## Wednesday, February 20, 2008

### Join Me

For spaces $X$ and $Y$, recall that the join $X*Y$ is obtained by "drawing all the lines from points in $X$ to points in $Y$". Ok, that's fairly informal. You can define the join as a quotient of the product of $X$ and $Y$ and the unit interval, $I$: $X*Y = (X\times Y\times I)/\sim$ where $(x,y,0)\sim(x,y',0)$ and $(x,y,1)\sim (x',y,1)$ for all $x\in X, y\in Y$. You might visualize this as taking the cylinder on $X\times Y$ (that is, the product with $I$), and collapsing one end to $X$, and the other end to $Y$. For example, the join of $X$ with a single point is the cone on $X$, while the join of $X$ with two points ($S^0$) is the suspension of $X$.

There's another, fancier looking, way to say this: $X*Y$ is the homotopy pushout of the diagram $X\leftarrow X\times Y\rightarrow Y$. If you haven't looked at homotopy pushouts recently... you take the mapping cylinder of $X\times Y \rightarrow Y$, and the mapping cylinder of $X\times Y\rightarrow X$, and you bring together the two 'end' copies of $X\times Y$.
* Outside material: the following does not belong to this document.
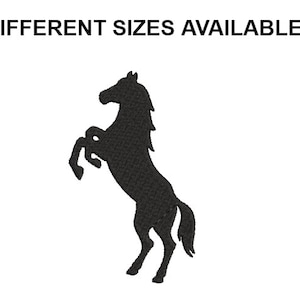 Könnte beinhalten: Schwarze Silhouette eines Pferdes, das sich auf seinen Hinterbeinen aufrichtet. 7 verschiedene Größen verfügbar.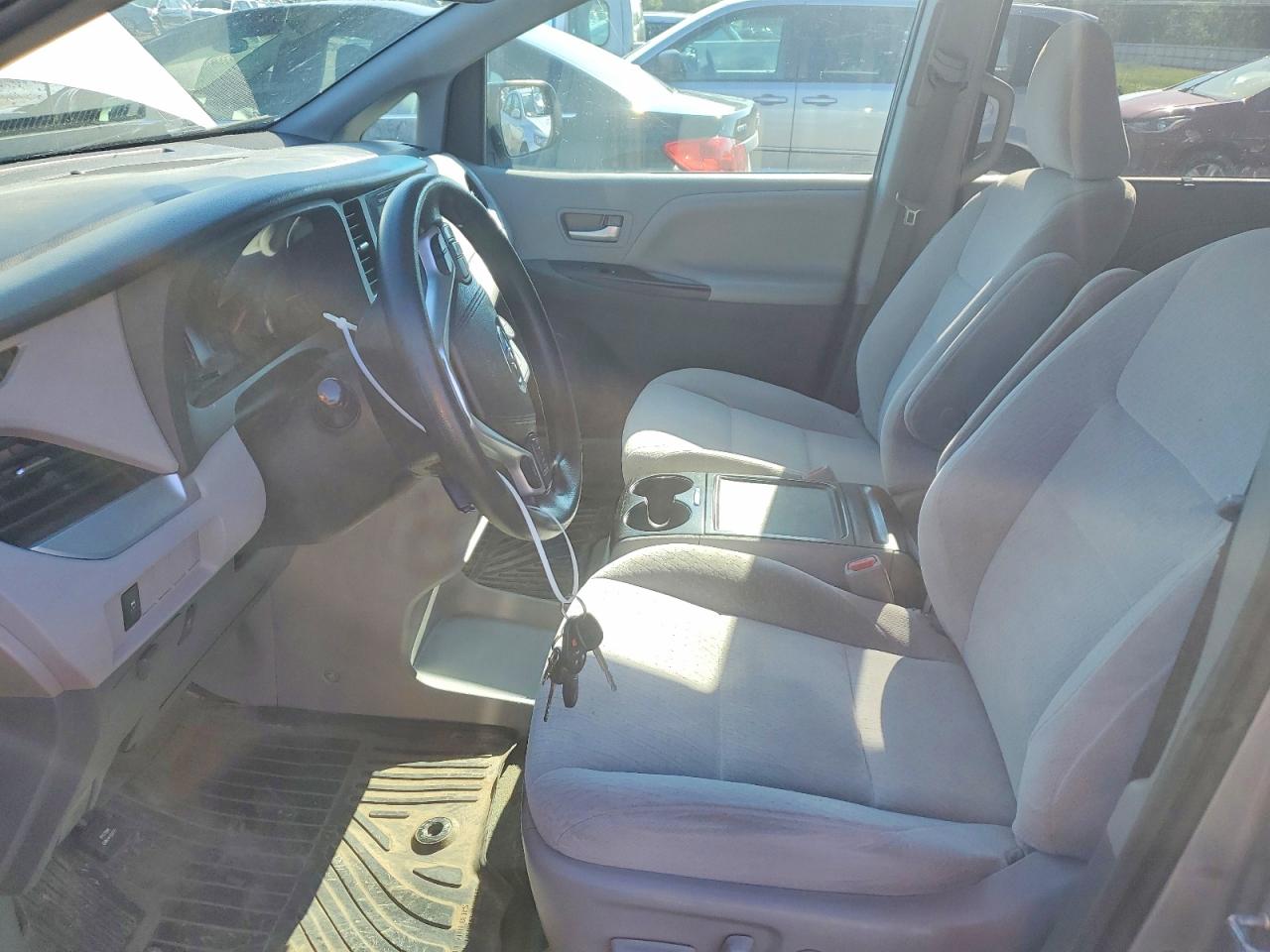 2015 Toyota Sienna Le Silver vin: 5TDKK3DC7FS689730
Ok, so, that's all well and good. Now suppose that $X$ and $Y$ are contractible CW complexes with boundaries $\partial X$ and $\partial Y$, respectively (I don't want to define the boundary here... draw a CW complex, and you can tell it's boundary :)). Then the boundary of $X\times Y$ can be realized as the strict pushout (colim) of the diagram $\partial X\times Y\leftarrow \partial X\times \partial Y\rightarrow X\times \partial Y$. The inclusion of the boundary into it's complex is a cofibration, so this strict pushout is homotopy equivalent to the homotopy pushout. Furthermore, since we assumed $X$ and $Y$ were contractible, this diagram is object-wise homotopy equivalent to the diagram $\partial X\leftarrow \partial X\times \partial Y\rightarrow \partial Y$ (and there is an obvious map of diagrams). Taking homotopy pushouts is nice with respect to (object-wise) homotopy equivalent diagrams (with maps between them making everything commute), so putting everything together, we've got

$\partial(X\times Y)\simeq \mathrm{colim}(\partial X\times Y\leftarrow \partial X\times \partial Y\rightarrow X\times \partial Y)$
$\simeq \mathrm{hocolim}(\partial X\times Y\leftarrow \partial X\times \partial Y\rightarrow X\times \partial Y)$
$\simeq \mathrm{hocolim}(\partial X\leftarrow \partial X\times \partial Y\rightarrow \partial Y)$
which we recall is just the join, $\partial X * \partial Y$.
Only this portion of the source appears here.